Sample size effect on model accuracy estimator
train_sample_size.RdSplits dataset into train/test set and runs multiple calibrations using increasing number of observartions from training data.
Model accuracy is calculated for each created model using the hold-out test set.
Can be used to assess effect of sample size on model performance. Should support most (numeric) regression models implemented in caret (no guarantees though - not tested)
Usage
train_sample_size(
data,
Xr = "spc_sg_snv_rs4",
Yr = "TOC",
trans = none,
trans_rev = none,
train_ratio = 0.7,
kmeans_pc = 0.99,
min_samples = 30,
sample_step = 10,
method = "glm",
trControl = trainControl(method = "cv", number = 10),
tuneGrid = NULL,
save_all = F,
save_models = F,
output_folder = "models_folder",
return_all = T,
seed = 123,
...
)Arguments
- data
Dataset for model calibration.
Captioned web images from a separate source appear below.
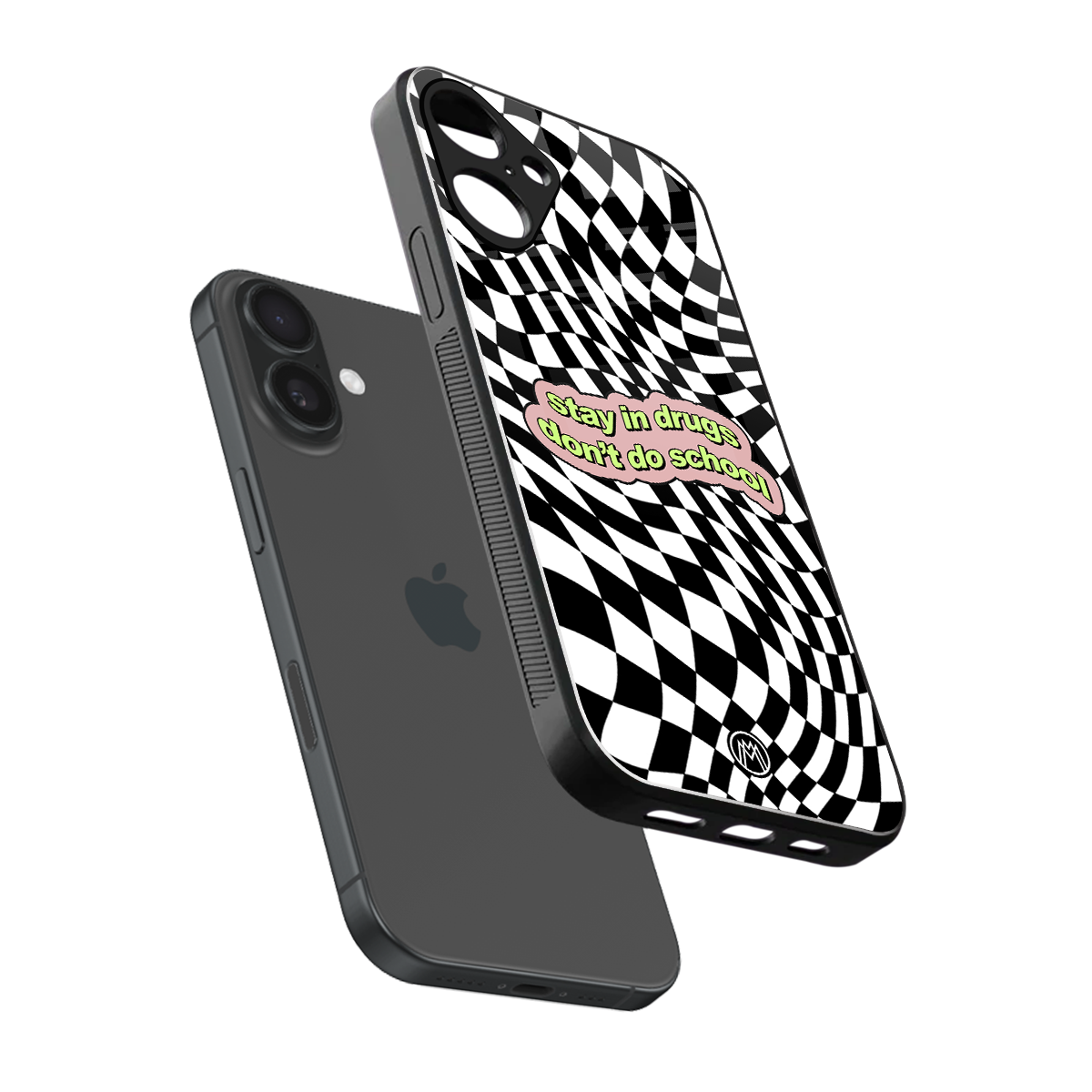 trippy high life back phone cover | glass case for iphone 16 plus
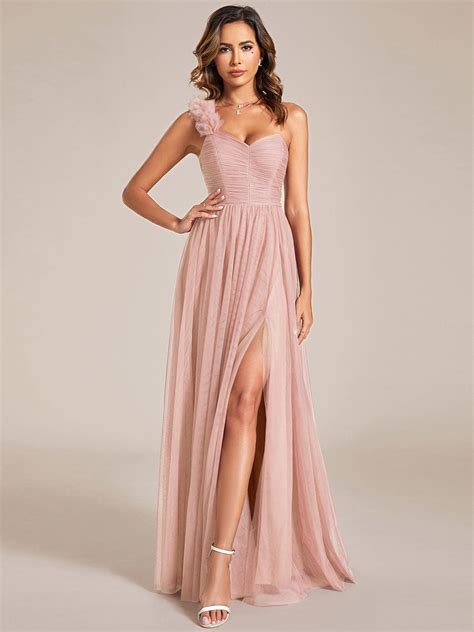 Shop Graceful One Shoulder Bridesmaid Dress A Line Tulle Ever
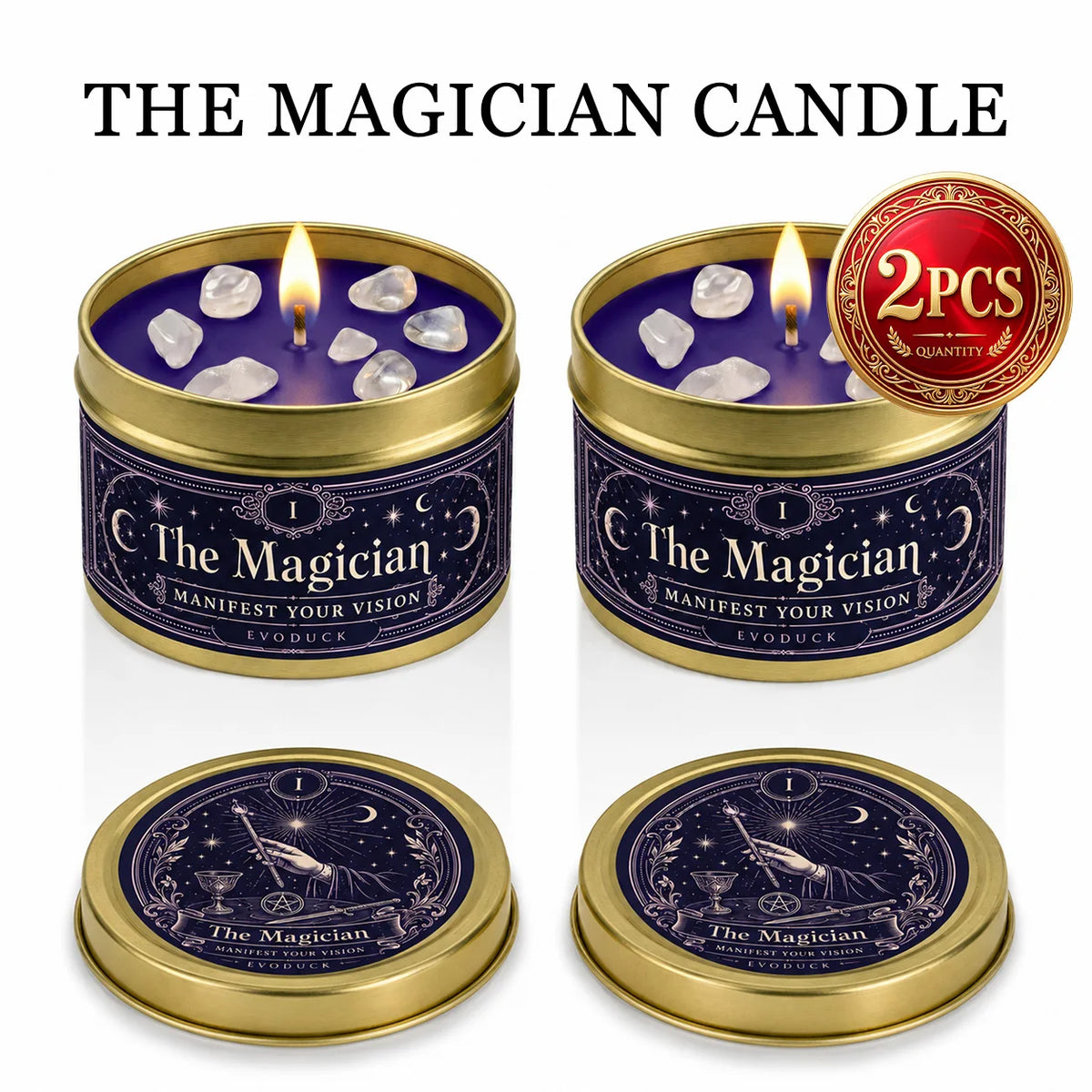 Evoduck Tarot Meditation Candle With Cardamom Sage And Clear Crystals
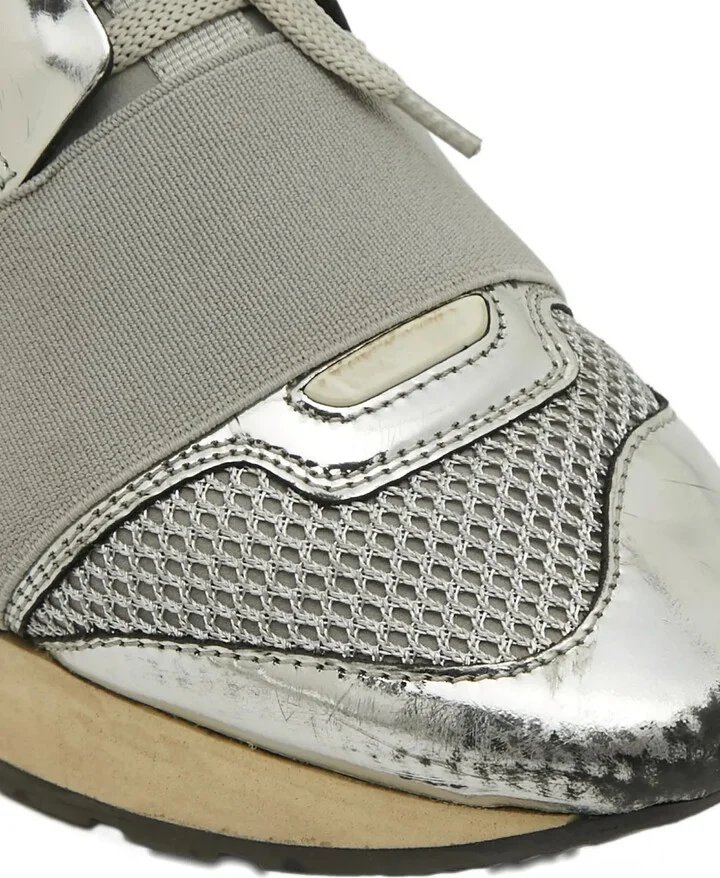 Metallic Leather Sneakers - Image 5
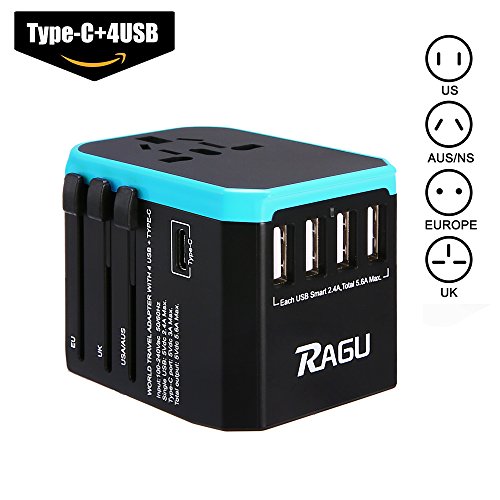 RAGU Universal Reiseadapter Weltweit, Reisestecker mit 4 USB Ports 1 Typ-C Internationale USB Reiseadapter Internationale Ladegerät AC Ladestecker Ladegerät für Weltweit 150 Ländern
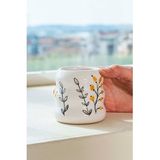Sarı Çiçekler Amore El Yapımı Seramik Double Kahve Bardağı Mug Kupa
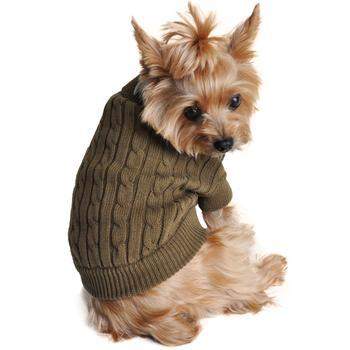 100% Pure Combed Cotton Herb Green Cable Knit Dog Sweater.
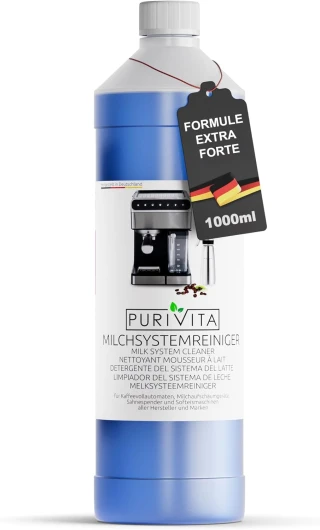 PURIVITA® Nettoyant Universel pour Système de Lait pour Machines à Café [1L] - Universel Coffee Machine Milk Cleaner - Nettoyage Machine a Cafe Buse pour le Lait - Détergent pour Jura, Krups & Melitta 1 l (Lot de 1)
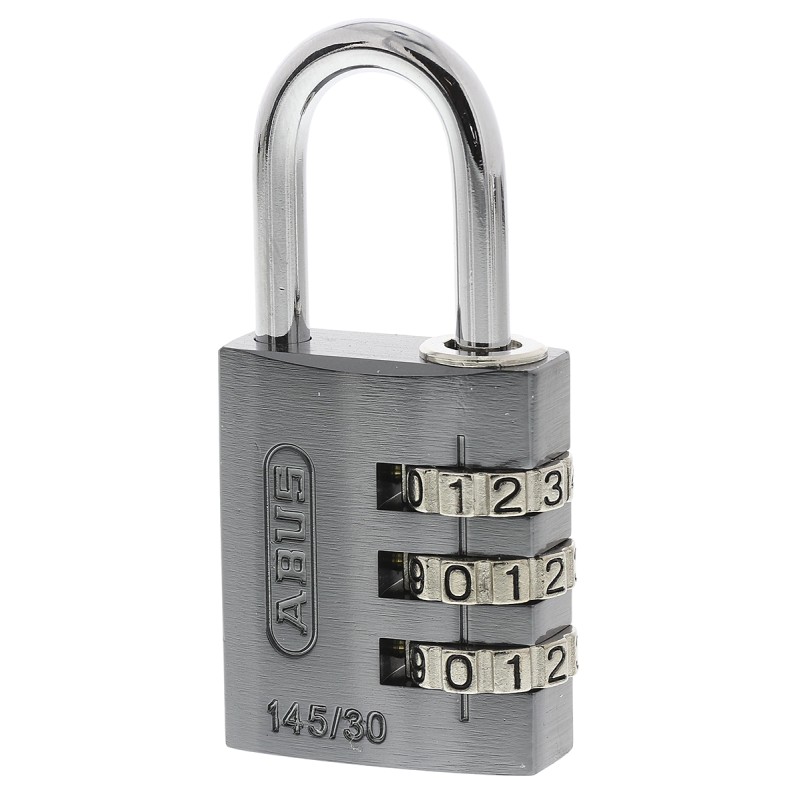 1 pcs - ABUS 145/30 Combination Weatherproof Aluminium, Steel Safety Padlock, 5mm Shackle, 30mm Body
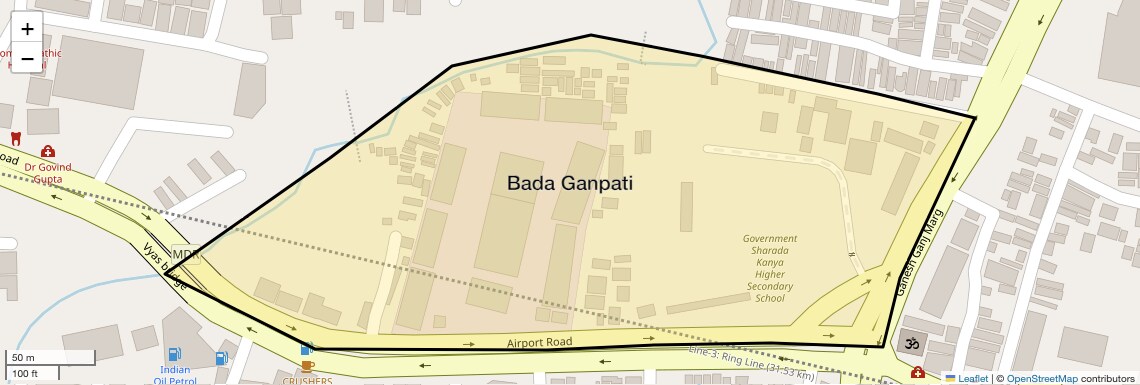 Location Map of Bada Ganpati, Indore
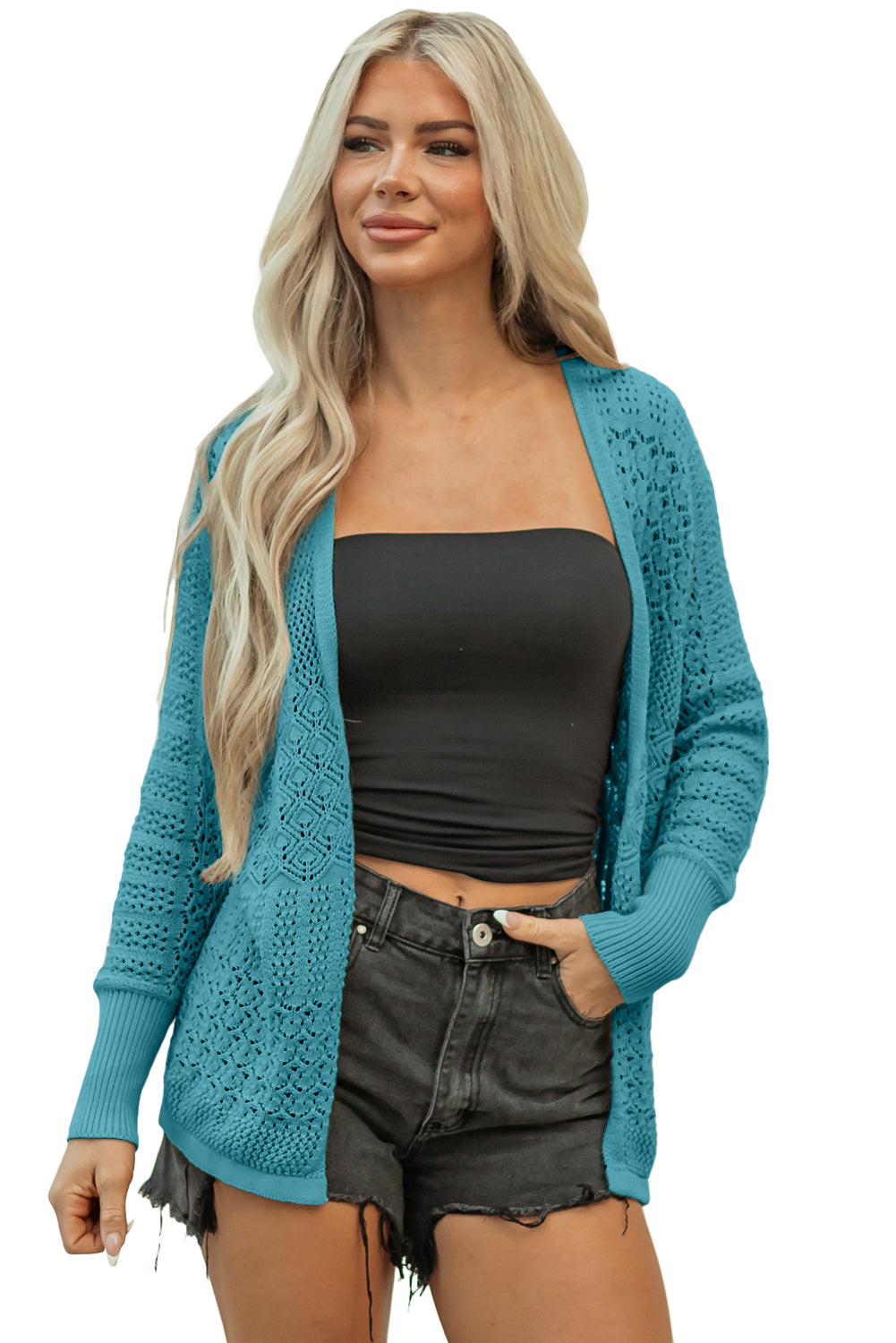 Lapis Mix Pattern Hollowed Knit Open Front Cardigan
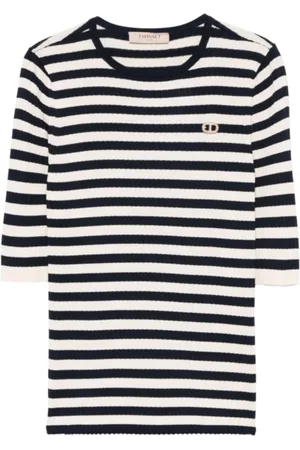 Twin-Set Tops, Dames, Blauw, L, Blauwe Nacht Sweatshirt Riga Neve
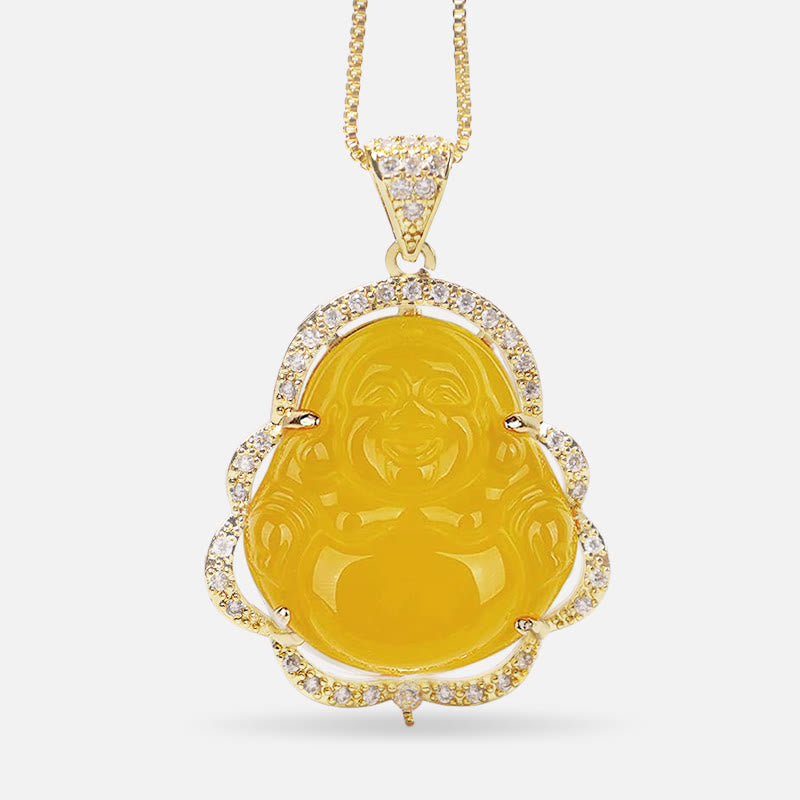 Mythstone Good Luck Laughing Buddha Necklace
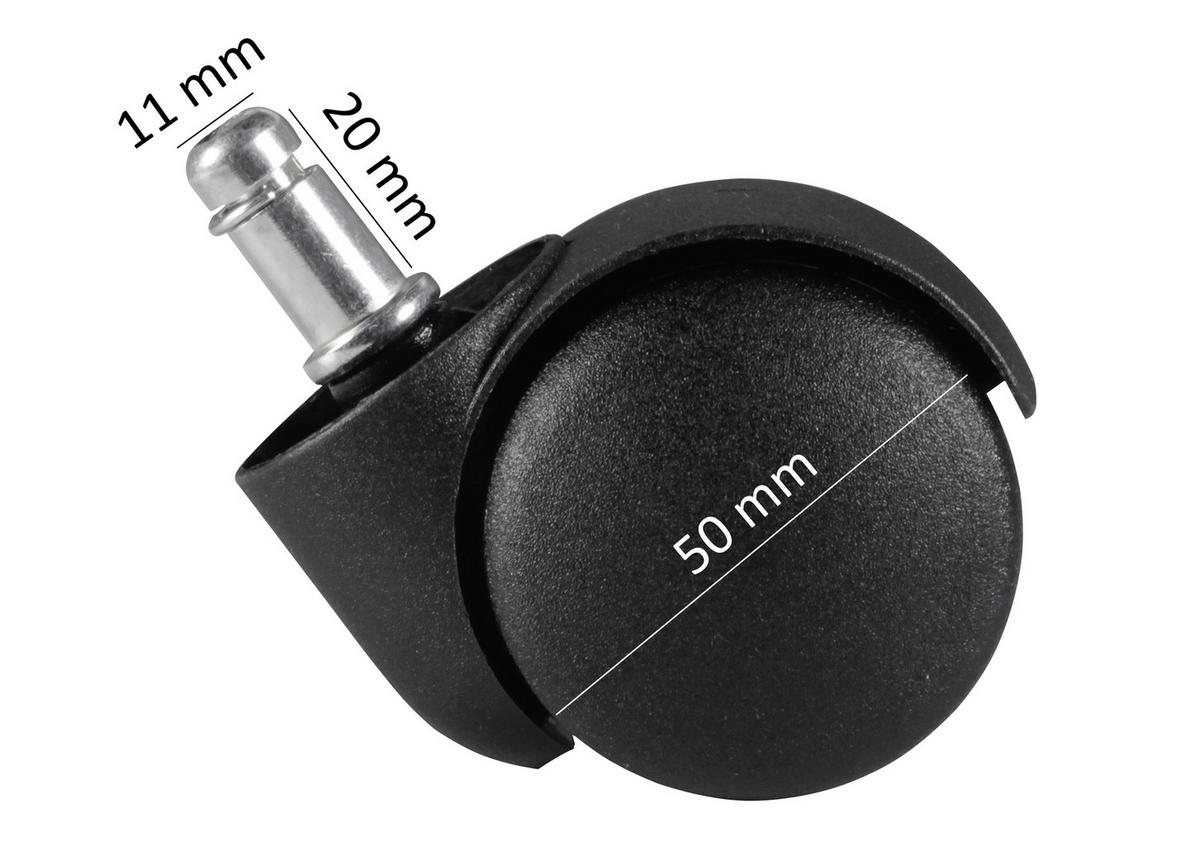 KOLEČKO PRO OTOČNÉ ŽIDLE - černá, Basics, plast (5cm) - MID.YOU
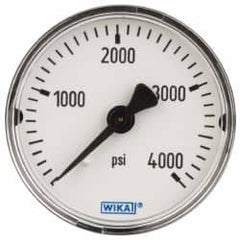 Wika - 2" Dial, 1/4 Thread, 0-4,000 Scale Range, Pressure Gauge - Center Back Connection Mount, Accurate to 3-2-3% of Scale - Exact Tooling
Can be tibble or dataframe. Must contain column Yr and column or nested tibble/data.frame/matrix Xr.
- train_ratio
0.7, train / test split. 0...1 - fraction of data used for training
- min_samples
lowest no of samples for training.
- sample_step
steps used to increment training sample size from min_samples to nrow(data)*train_ratio
- trControl
model fitting parameters handed to caret::train
- output_folder
folder path in which models will be saved if save = TRUE. If dir.exists(output_folder) = FALSE, folder will be created.
- ...
additional arguments passed to caret::train
- Xr="spc_sg_snv_rs4"
Predictor variable(s). Vector column or nested tibble/data.frame/matrix.Will be converted into nested matrix.
- Yr="TOC"
Target variable. Currently only single column supported.
- trans=none,
Transformation applied to Yr by match.fun(trans)(Yr). Set to none for no operation.
- trans_rev=none,
Reverse operation to trans. Appplied by match.fun(trans_rev)(Yr). Set to none for no operation.
- kmeans_pc=.99,
cumvar of kmeans pc decomposition. Ignored when Xr<3. (kmeans applied directly on Xr)
- method="glm"
model type (handed to caret::train). Make sure to install/load required packages. (not yet automated)
- tuneGrid=NULL
tuning parameter grid handed to caret::train
- save=F
should individual models be saved?
- return_all=T
return to console
- seed=123
seed for initial train / test split for reproduceability